- Born: Richard Allen Snyder July 13, 1952 Covina, California, U.S.
- Died: December 15, 1993 (aged 41) Santa Ana, California, U.S.
- Education: Bonita High School
- Known for: President of In-N-Out Burger, 1976-1993
- Spouse: Christina Bradley (1992-1993)

= Rich Snyder (businessman) =

American businessman

Richard Allen Snyder (July 13, 1952 – December 15, 1993) was an American businessman who was president of In-N-Out Burger from 1976 until his death in 1993. Snyder is credited with transforming In-N-Out from a local chain of burger stands into a major business enterprise.

==Early life and education==
Born in Covina, California, Snyder was the second of two sons born to In-N-Out founders Harry and Esther Snyder. He and his older brother Guy spent their early childhood years in the Los Angeles suburb of Baldwin Park, California, where they lived across the street from the original In-N-Out Burger stand. By the late 1950s, the family had moved to a larger house in San Dimas, California, where Snyder would spend the remainder of his childhood.

For a time in the 1960s, Snyder and his brother attended Brown Military Academy, a military preparatory school in Glendora, California. Snyder graduated from Bonita High School in La Verne, California in 1970, where he had been a member of the school's rocket club and varsity football team. Snyder suffered from dyslexia, though he was not formally diagnosed with the disorder until well into his adulthood.

==Career==

Following his father's death from lung cancer in 1976, a then 24-year-old Snyder became president of In-N-Out Burger. During his 17-year tenure as chief executive, he expanded the number of company stores from 18 to 93. In 1981, he opened a new headquarters for the company in Baldwin Park.

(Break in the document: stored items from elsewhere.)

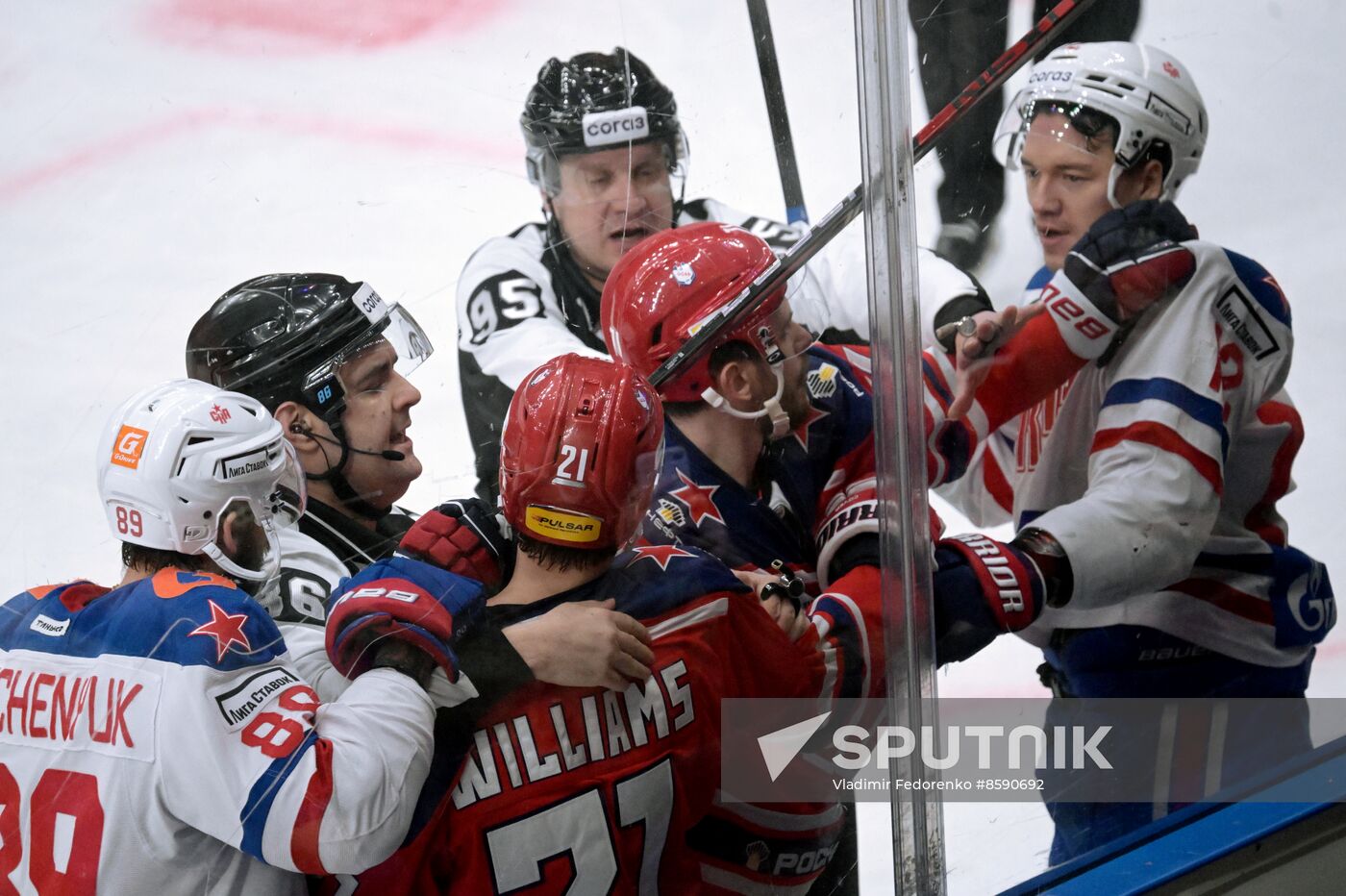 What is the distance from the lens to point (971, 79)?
1.51m

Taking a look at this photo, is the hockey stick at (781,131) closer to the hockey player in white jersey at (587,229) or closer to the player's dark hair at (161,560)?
the hockey player in white jersey at (587,229)

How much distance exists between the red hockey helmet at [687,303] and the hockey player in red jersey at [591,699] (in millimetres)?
184

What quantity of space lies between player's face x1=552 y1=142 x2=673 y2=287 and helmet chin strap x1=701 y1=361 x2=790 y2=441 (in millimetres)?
236

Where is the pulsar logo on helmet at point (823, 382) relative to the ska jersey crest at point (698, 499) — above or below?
above

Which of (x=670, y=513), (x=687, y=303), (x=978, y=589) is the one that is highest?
(x=687, y=303)

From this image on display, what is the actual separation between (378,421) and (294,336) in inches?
5.1

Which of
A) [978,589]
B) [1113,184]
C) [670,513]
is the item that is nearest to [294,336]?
[670,513]

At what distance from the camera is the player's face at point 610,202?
1639 millimetres

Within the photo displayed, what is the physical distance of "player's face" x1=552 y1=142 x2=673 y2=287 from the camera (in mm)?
1639

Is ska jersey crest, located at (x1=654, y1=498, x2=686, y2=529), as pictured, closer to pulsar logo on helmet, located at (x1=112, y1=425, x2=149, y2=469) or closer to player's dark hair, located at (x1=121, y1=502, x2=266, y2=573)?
player's dark hair, located at (x1=121, y1=502, x2=266, y2=573)

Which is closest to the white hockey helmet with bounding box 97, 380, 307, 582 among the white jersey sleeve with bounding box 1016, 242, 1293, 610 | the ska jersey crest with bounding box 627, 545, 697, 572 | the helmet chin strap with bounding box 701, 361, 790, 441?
the ska jersey crest with bounding box 627, 545, 697, 572

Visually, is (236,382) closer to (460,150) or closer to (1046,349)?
(460,150)

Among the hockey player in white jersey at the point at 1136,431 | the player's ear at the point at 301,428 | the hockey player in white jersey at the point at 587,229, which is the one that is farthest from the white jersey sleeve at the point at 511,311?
the hockey player in white jersey at the point at 1136,431

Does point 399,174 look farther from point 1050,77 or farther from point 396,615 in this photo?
point 1050,77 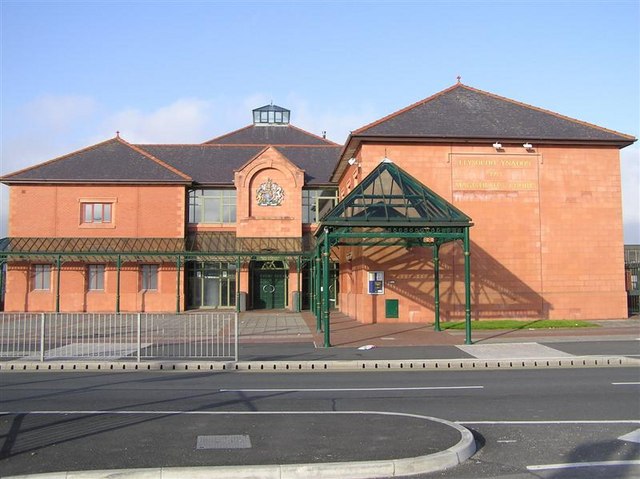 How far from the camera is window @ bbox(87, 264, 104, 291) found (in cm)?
3666

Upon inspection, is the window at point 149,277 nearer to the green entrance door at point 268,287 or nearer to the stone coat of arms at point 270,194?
the green entrance door at point 268,287

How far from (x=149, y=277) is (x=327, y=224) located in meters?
20.1

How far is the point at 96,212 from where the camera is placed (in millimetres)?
37219

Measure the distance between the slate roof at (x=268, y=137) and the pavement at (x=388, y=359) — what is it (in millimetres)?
21980

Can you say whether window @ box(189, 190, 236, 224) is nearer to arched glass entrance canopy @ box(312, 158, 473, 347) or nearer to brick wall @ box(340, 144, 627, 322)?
brick wall @ box(340, 144, 627, 322)

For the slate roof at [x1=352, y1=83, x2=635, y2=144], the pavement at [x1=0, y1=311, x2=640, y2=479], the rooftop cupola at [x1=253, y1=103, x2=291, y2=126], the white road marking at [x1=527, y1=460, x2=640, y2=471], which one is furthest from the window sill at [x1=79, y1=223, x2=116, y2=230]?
the white road marking at [x1=527, y1=460, x2=640, y2=471]

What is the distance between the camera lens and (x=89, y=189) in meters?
37.2

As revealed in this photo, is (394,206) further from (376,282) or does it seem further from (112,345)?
(112,345)

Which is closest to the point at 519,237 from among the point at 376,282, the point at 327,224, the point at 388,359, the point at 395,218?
the point at 376,282

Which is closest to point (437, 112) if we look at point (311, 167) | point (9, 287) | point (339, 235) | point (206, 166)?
point (339, 235)

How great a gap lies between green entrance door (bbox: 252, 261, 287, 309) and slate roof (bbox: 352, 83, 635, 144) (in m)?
14.5

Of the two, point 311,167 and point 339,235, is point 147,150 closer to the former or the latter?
point 311,167

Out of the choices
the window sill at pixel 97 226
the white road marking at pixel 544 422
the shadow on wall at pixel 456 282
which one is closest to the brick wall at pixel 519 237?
the shadow on wall at pixel 456 282

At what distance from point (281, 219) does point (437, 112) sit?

During his father's lifetime, In-N-Out's executive team consisted solely of only Harry and Esther Snyder. Rich Snyder set the company up for much greater expansion by creating an internal human resources department, a finance department and a small advertising department. He also hired an array of executives, many of whom would stay and grow with the company for decades. In 1984, Snyder built In-N-Out University to help train future company managers and leaders.

During the 1980s, Snyder became a born-again Christian. Subsequently, he added Bible verses to In-N-Out's packaging.

==Personal life==

In May 1992, a 39-year-old Snyder married 26-year-old Christina Bradley in Maui, Hawaii. The couple resided in a $3.5 million waterfront home in Newport Beach, California. Through his marriage, Snyder had a stepdaughter named Siobhan.

==Death==

On December 15, 1993, Snyder died while returning to his Newport Beach home from the opening of In-N-Out store 93 in Fresno, California. Snyder's chartered Westwind business jet was caught in the wake turbulence of a Boeing 757 while on approach to John Wayne International Airport, causing the business jet to crash in Santa Ana, California. All five people aboard, including Snyder, died instantly.